Records supplied:

-- Opening Marker --

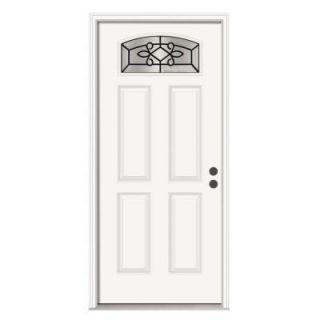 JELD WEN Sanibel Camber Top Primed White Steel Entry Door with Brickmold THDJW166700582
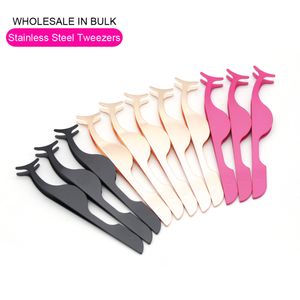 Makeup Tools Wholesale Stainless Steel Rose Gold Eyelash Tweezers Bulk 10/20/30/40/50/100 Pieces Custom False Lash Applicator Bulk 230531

-- Closing Marker --
-- Opening Marker --

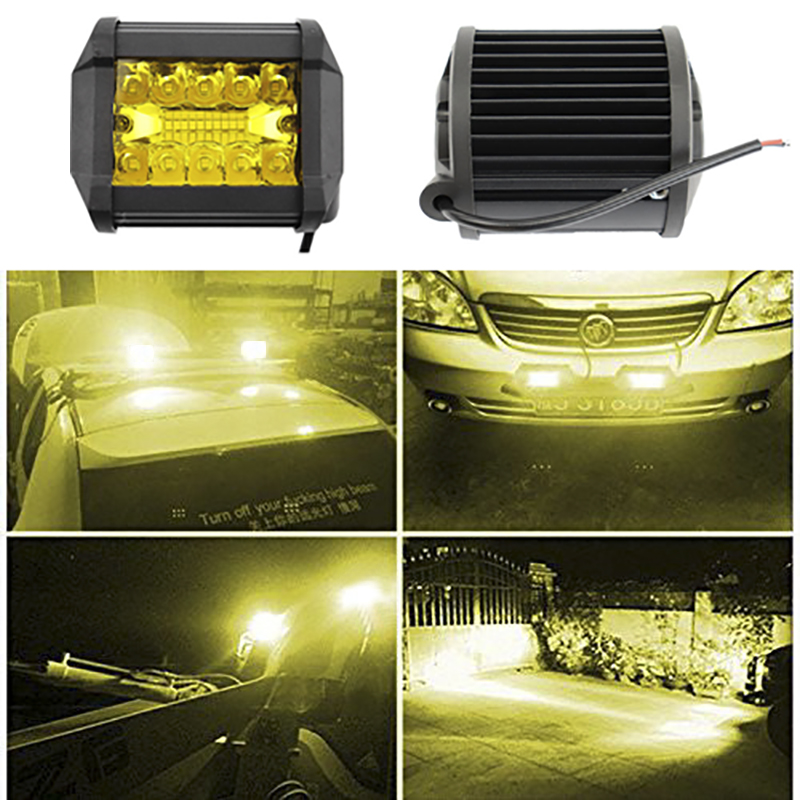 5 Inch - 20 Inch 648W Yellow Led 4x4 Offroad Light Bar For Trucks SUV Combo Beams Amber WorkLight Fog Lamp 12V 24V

-- Closing Marker --

Exercise: Look above and copy only the lines from the one holding "JELD WEN Sanibel" to the one holding "Makeup Tools Wholesale", both included, exactly, minus the pictures.

Task answer:
 JELD WEN Sanibel Camber Top Primed White Steel Entry Door with Brickmold THDJW166700582
 Makeup Tools Wholesale Stainless Steel Rose Gold Eyelash Tweezers Bulk 10/20/30/40/50/100 Pieces Custom False Lash Applicator Bulk 230531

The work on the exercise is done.